The modelling part of analytics projects will go smoothly only if you have clear evaluation criteria. There are methodologies like CRISP-DM or Jeremy Howard’s Data Project Checklist for running a successful project. Modelling and analytics is only one (often small) step in the process, but it’s what defines it as an analytics project. It’s easy to spend a lot of time digging into the data and trying different approaches, but if you don’t have a clear evaluation criteria it’s really hard to compare them.

An imperfect evaluation criteria is often better than none. Your evaluation criteria should align with the business goals, but will often have to be a proxy for the real thing. Because of this getting the absolutely best score is often not worthwhile; there will be diminishing returns as models get more complex. But it gives you a guidepost and helps identify whether something is working at all. Ideally you have a simple evaluation metric that you can communicate back to stakeholders to demonstrate you’re actually doing something. Try to come up with just one primary metric, with at most a couple of guardrail metrics (i.e. constraints), otherwise you can spend a lot of time deciding between tradeoffs.

Once you’ve got an evaluation criteria, and created a good training/development/test set data split, then it’s easy to compare solutions. You should start with a very simple model as a baseline and then build on that. While it can be fun trying to build bigger better models, if you’re developing a new analytics product or service try to get to “good enough”. Often picking a small subset of the possible data (say a particular region or time period) will make it much faster to prove an approach. If you can prove it’s viable in the field then you can come back and expand and improve it.
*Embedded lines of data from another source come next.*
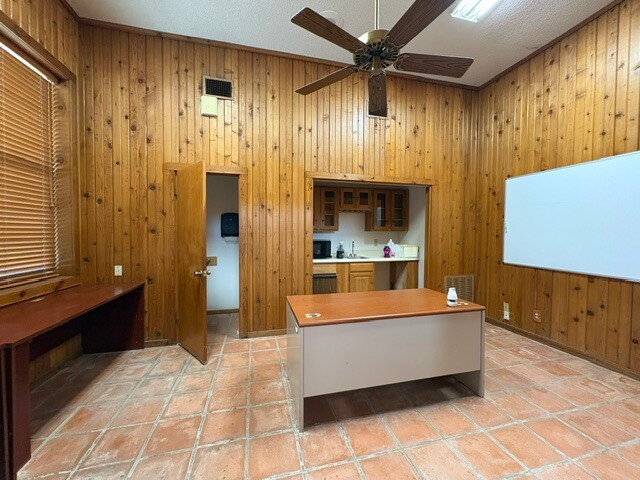 More Photos Of 1500 Simmons Ave, Jourdanton Warehouse For Sale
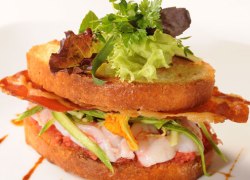 Quando l’arte incontra il cibo: un panino per Negroni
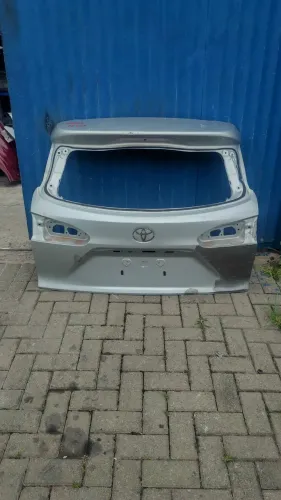 Tampa traseira Corolla cross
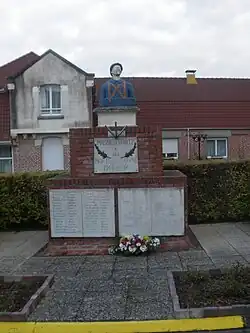 Le monument aux morts.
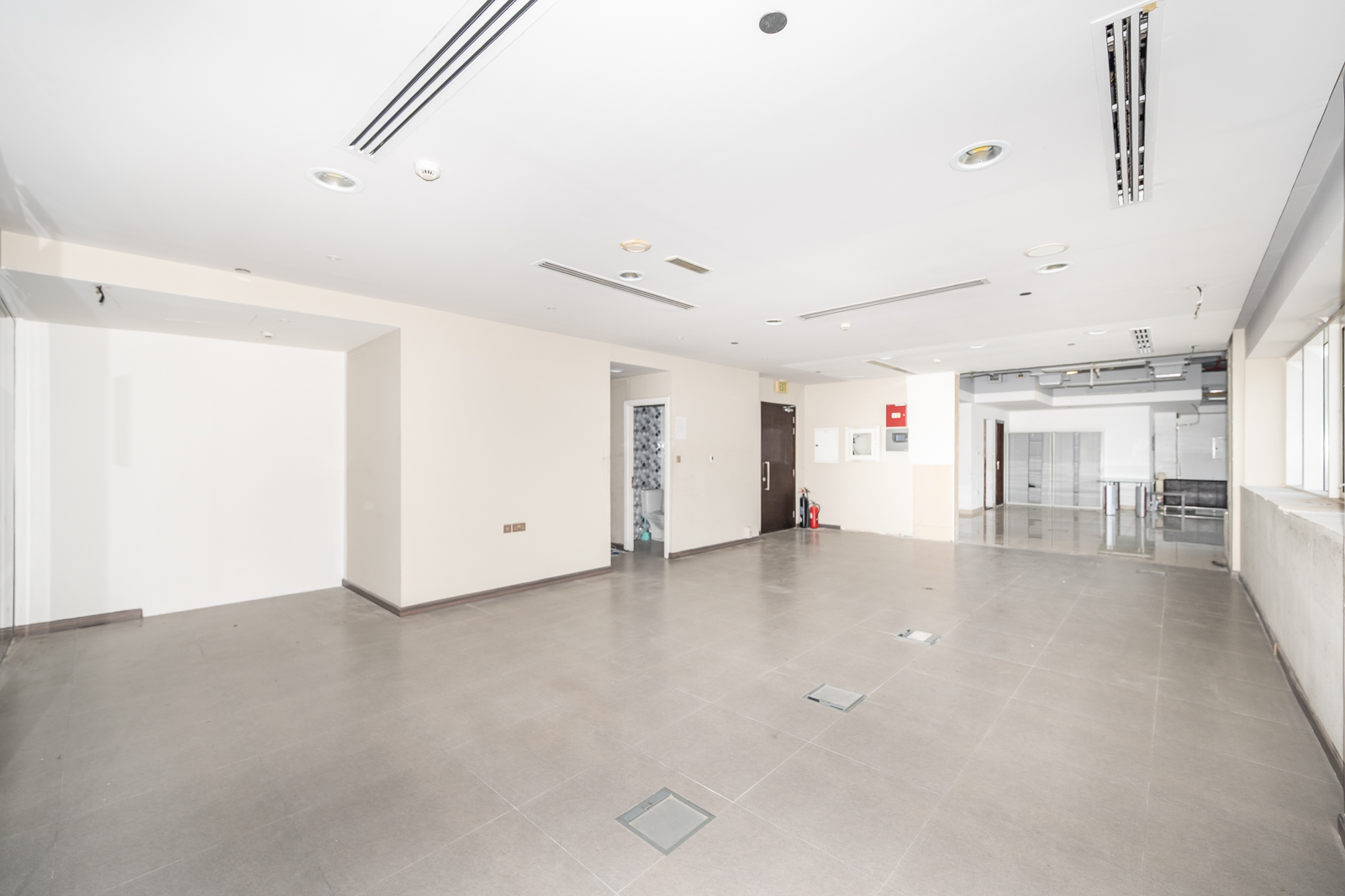 Prime Office | Mid Floor | Great Location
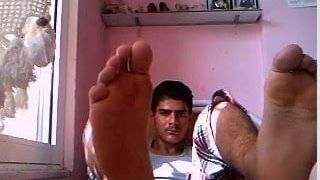 Hetero-Typen Füße vor der Webcam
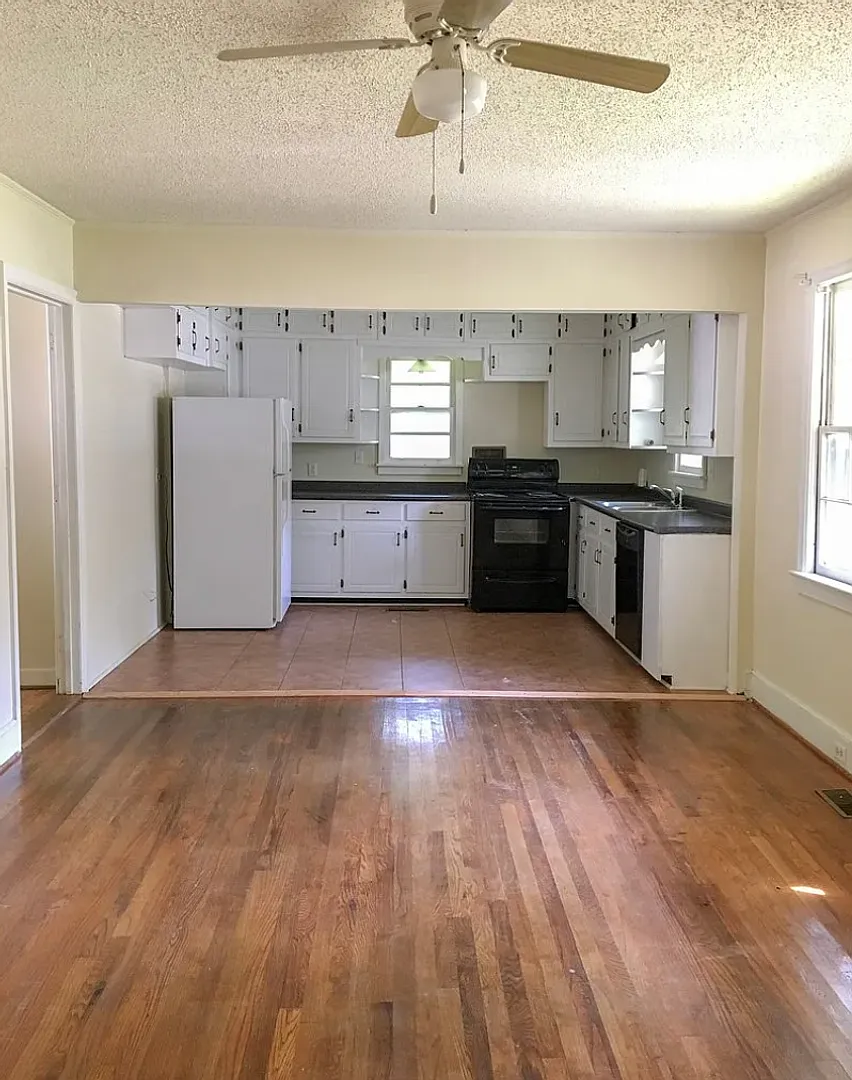 Charming 3-Bed Home in Forest Acres Spacious & Conveniently Located! — Photo 4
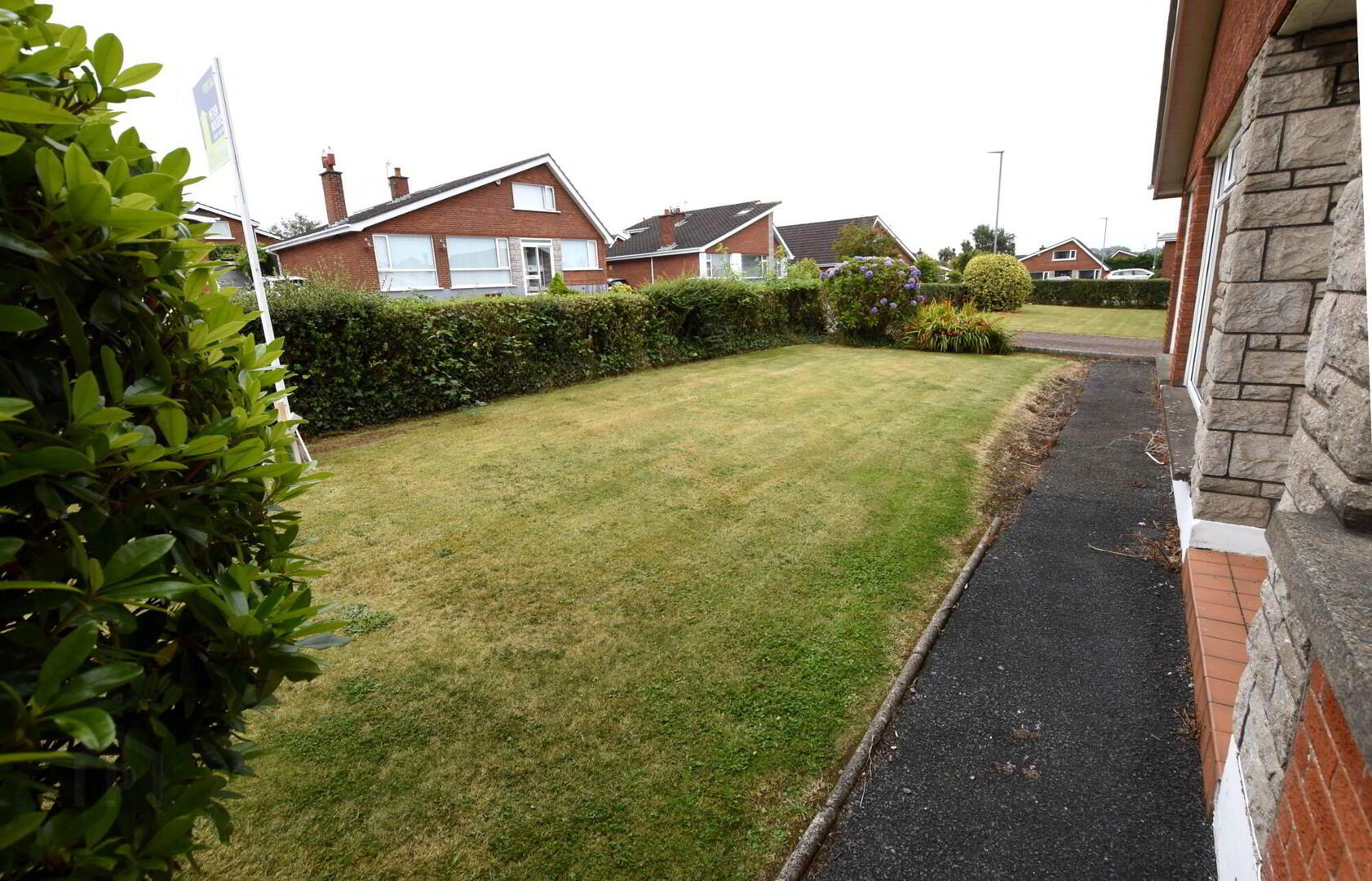 8 Silverbirch Crescent 2 of 17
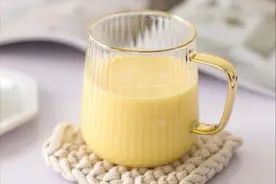 鲜榨玉米汁，好喝有技巧，大厨分享不外传秘诀，多放2样更香浓图片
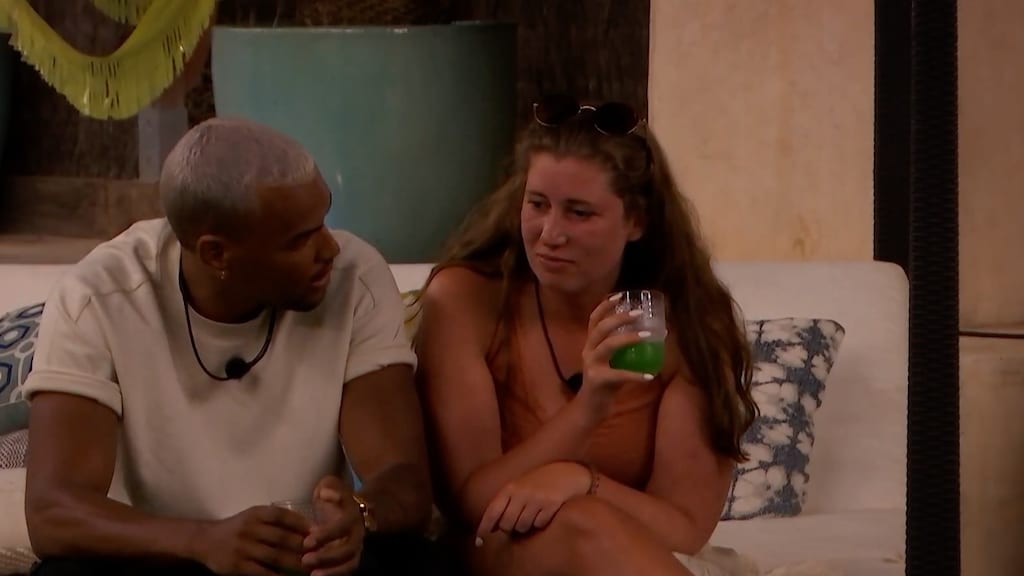 Joop wil gevoelens voor Delphine niet meer verbergen: 'Er is een klik'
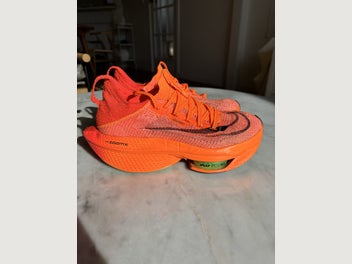 Image 1 of 7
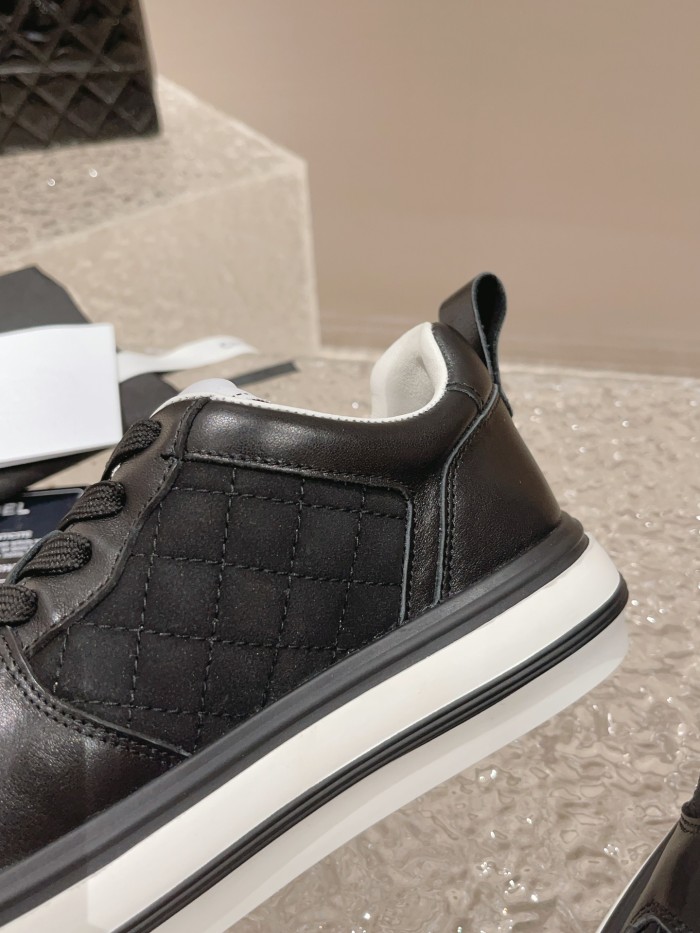 Chanel 018 Casual shoes XM033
It’s easy to get stuck with a mediocre implementation if you don’t set a clear structure. If you start with a solution you’ll start building your evaluation around the structure of your solution. This makes it harder to test alternative solutions later on, and the evaluation may even get stuck to implementation details.

When the solution is in production you can then evaluate your metrics online and reconcile them with your offline test metrics (which may be different if you inadvertently had a data leak!) Then it can be refined and optimised over time as it becomes more obvious what’s important in production. But you can keep the same project structure for future improvement cycles.

This technique won’t work for all problems, and it’s not always easy to come up with an offline evaluation metric and set. But when you can using this structure will make your modelling iterate faster and set up success for monitoring and improvement if the solution gets adopted.